4) 如何加强国产编程语言和编译器等核心基础系统软件的设计?

论坛主席

翟季冬

清华大学计算机系⻓聘副教授,博士生导师。ACM中国高性能计算专家委员会秘书⻓、北京智源⻘年科学家。主要研究领域为高性能计算、编译优化等。相关研究成果发表在高性能计算等领域重要国际会议和期刊SC、PPoPP、ICS、MICRO、ASPLOS、ATC、CGO、NSDI、IEEE TPDS、IEEE TC等。其中SC14论文入选会议Best Paper Finalist,是大陆学者首次入围该奖项。担任NPC 2018程序委员会主席、SC 2018/2019/2020、PPOPP 2019/2020/2021程序委员会委员、国际期刊IEEE TPDS编委、FCS和JCST⻘年编委等。担任清华大学学生超算团队教练,指导的团队共九次获得世界冠军。在2015年和2018年包揽了SC、ISC、ASC三大国际超算竞赛的总冠军,实现“大满贯”。获教育部科技进步一等奖、CCF优秀博士学位论文奖、国家自然科学基金优秀⻘年科学基金。

陈文光

清华大学计算机系教授,博士生导师。CCF杰出会员和杰出讲者,CCF副秘书⻓,CCF YOCSEF荣誉委员。主要研究领域为操作系统、程序设计语言与并行计算。多次担任高性能计算和并行计算重要国际会议如OSDI、PPoPP、CGO、SC、ICS、 PLDI、ASPLOS和APSYS的程序委员会委员。同时担任ACM中国理事会主席,ACM中国操作系统分会ChinaSys主席。获国家科技进步二等奖、国家教委科技进步二等奖和北京市科技进步二等奖各一次。国家杰出⻘年基金获得者。

讲者简介

胡振江

北京大学讲席教授,北京大学信息科学技术学院副院⻓、计算机科学技术系主任。1996年在日本东京大学信息工学专业获博士学位。曾担任东京大学情报理工学研究科教授,日本国立信息学研究所教授/系主任, 北京大学⻓江讲座教授。胡振江教授⻓期从事程序设计语言和软件科学与工程的研究,在程序语言设计、结构化函数式程序设计、程序的自动综合和优化、并行程序设计、双向变换语言的设计和实现、以及软件的演化和维护等方面做出了一系列开创性工作,曾获全日本最佳博士论文奖和日本软件科学会基础研究成就奖、日本工学会会士、欧洲科学院院士,IEEE Fellow、ACM杰出科学家。

演讲题目:从芯片定制到语言定制:程序设计语言的系统化定制及其支撑环境

摘要:随着摩尔定律的逐渐失效以及深度学习等高效特定计算的迫切需求,我们正渐渐转向一个⻘睐专用定制计算设备的时代。为此,我们需要软件具备面向不同专用硬件的定制能力。在这个报告中,我们将提出 程序设计语言的系统化定制的基本概念和应用,讨论其支撑环境的实现,并探讨未来的挑战。

卡内基梅隆大学、助理教授

陈天奇

Tianqi Chen is currently an Assistant Professor at the Machine Learning Department and Computer Science Department of Carnegie Mellon University. He received his PhD. from the Paul G. Allen School of Computer Science & Engineering at the University of Washington, working with Carlos Guestrin on the interp of machine learning and systems. He has created three major learning systems that are widely adopted: XGBoost, TVM, and MXNet (co-creator). He is a recipient of the Google Ph.D. Fellowship in Machine Learning.

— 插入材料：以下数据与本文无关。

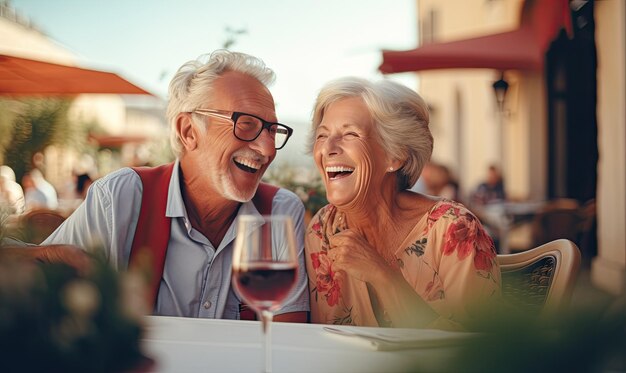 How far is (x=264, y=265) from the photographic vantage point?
130cm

演讲题目TVM:An automated deep learning compiler

摘要:Data, models, and computing are the three pillars that enable machine learning to solve real- world problems at scale. Making progress on these three domains requires not only disruptive algorithmic advances but also systems innovations that can continue to squeeze more efficiency out of modern hardware. Learning systems are in the center of every intelligent application nowadays. However, the ever-growing demand for applications and hardware specialization creates a huge engineering burden for these systems, most of which rely on heuristics or manual optimization. In this talk, I will present a new approach that uses machine learning to automate system optimizations. I will describe our approach in the context of deep learning deployment problems. I will first discuss how to design invariant representations that can lead to transferable statistical cost models, and apply these representations to optimize tensor programs used in deep learning applications. I will then describe the system improvements we made to enable diverse hardware backends. TVM, our end-to-end system, delivers performance across hardware back-ends that are competitive with state-of-the-art, hand-tuned deep learning frameworks.

卡内基梅隆大学、助理教授

贾志豪

Zhihao Jia is an incoming Assistant Professor of Computer Science at CMU (starting Fall 2021). He obtained his Ph.D. at Stanford working with Alex Aiken and Matei Zaharia. His research interests lie in the interp of computer systems and machine learning, with a focus on building efficient, scalable, and high-performance systems for ML computations.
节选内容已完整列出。